Despite the likes of the Legal Services Commission, Legal Services Ombudsman, Consumers Association (as it then was) and even the Law Society’s Commerce & Industry Group supporting model A, model B+ was the compromise Sir David settled on. It provided for significant reform while also keeping the legal profession on board – to be less cynical, there is a good argument for the professions retaining a stake in the way they are regulated.
A legal services authority?
What the one-time deputy governor of the Bank of England did not really do, however, is cut a swathe through the so-called regulatory maze that the government had identified in legal services when commissioning his report. Though he consolidated the various bodies that had oversight powers into the LSB, he also introduced a whole set of new organisations and acronyms through requiring separation of functions. A legal services authority would at least finally achieve this.

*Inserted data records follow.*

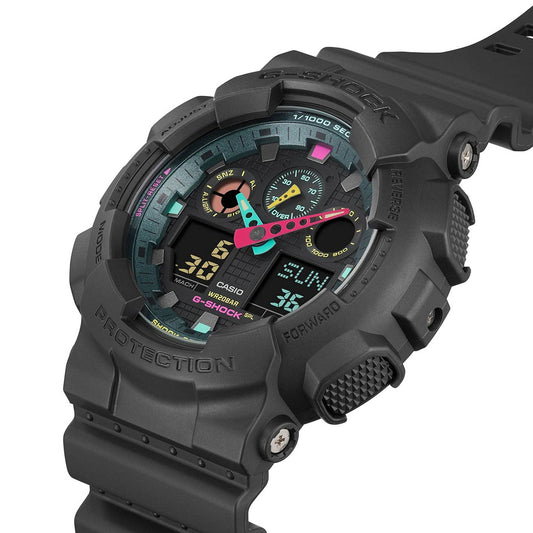 Casio G-Shock GA-100MF-1AER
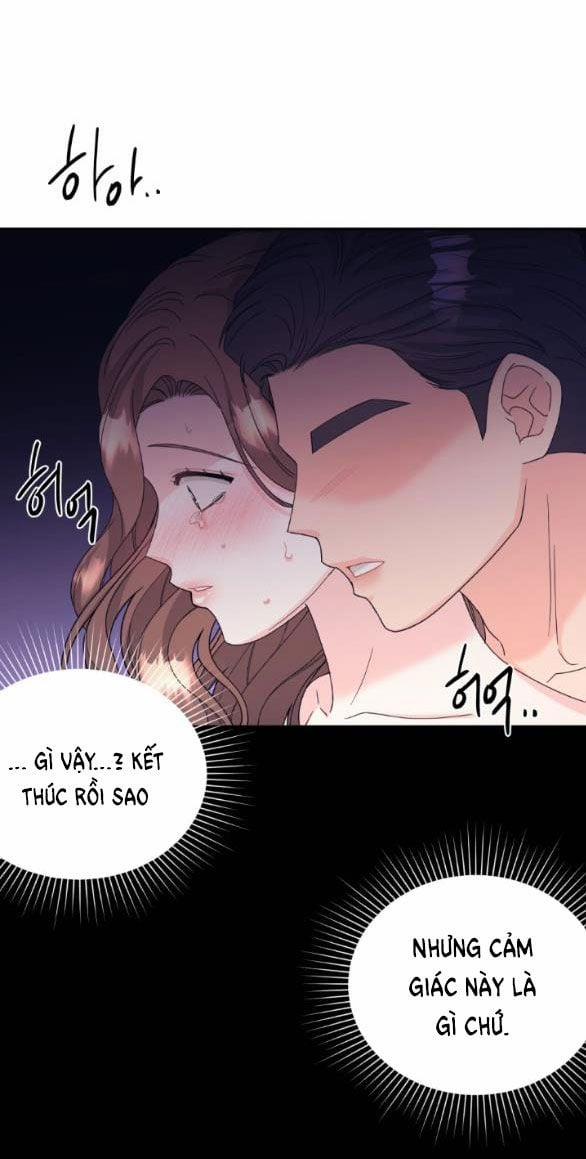 manhwax10.com - Truyện Manhwa [18+] Người Vợ Giả Mạo Chương 18 2 Trang 34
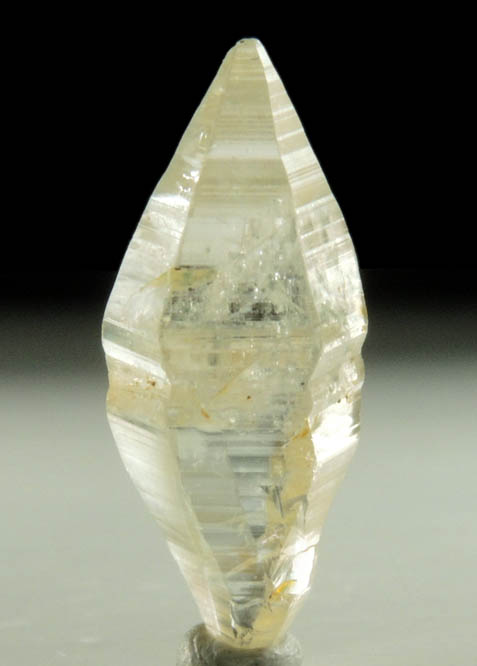 Corundum var. Sapphire from Passara, Uva Province, Sri Lanka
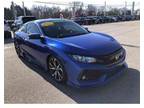 2018 Honda Civic Si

Such enthusiasm as there was for a legal services authority has dimmed given the FSA’s less than stellar performance during the financial crisis, but does that mean the whole concept is flawed? A legal equivalent would not be overseeing a market of the same size, scale or product diversity.
There are those who believe that in 10 years’ time it is almost inevitable that a legal services authority will have emerged – I’m not that sure, but I do think that the further we get from the Clementi compromise, the messier it looks. Ironically this is particularly because of the ongoing tension between the Law Society and SRA.
So that is the context of the decision the Law Society council has to make later this month. In truth it has been quite some time since a vote of that body has been important. But it is hard to see how members, other than those with some kind of regulatory death wish, can do anything other than back the SRA’s application.
POSTSCRIPT
Further digging I’ve done on this issue indicates that one possible outcome of the council meeting may be members pushing back their decision until the April meeting so as to allow the SRA to consider amendments to its application, such as agreeing not to regulate ABSs that are 100% externally owned. As I reported earlier this week, the SRA will not accept such a condition.
Even if it nonetheless goes ahead and approves the unamended application in April, this could be a way for the council to flex its muscles. I’m told that the timetable for having the SRA formally approved as an ABS licensing authority is such that waiting until April to put in the application means the SRA will not be able to start regulating ABSs on 6 October. A delay and a measure of embarrassment for the LSB may be nothing more than a pyrrhic victory (the Council for Licensed Conveyancers should be up and running as an ABS regulator for 6 October, however), but it would be something, I guess.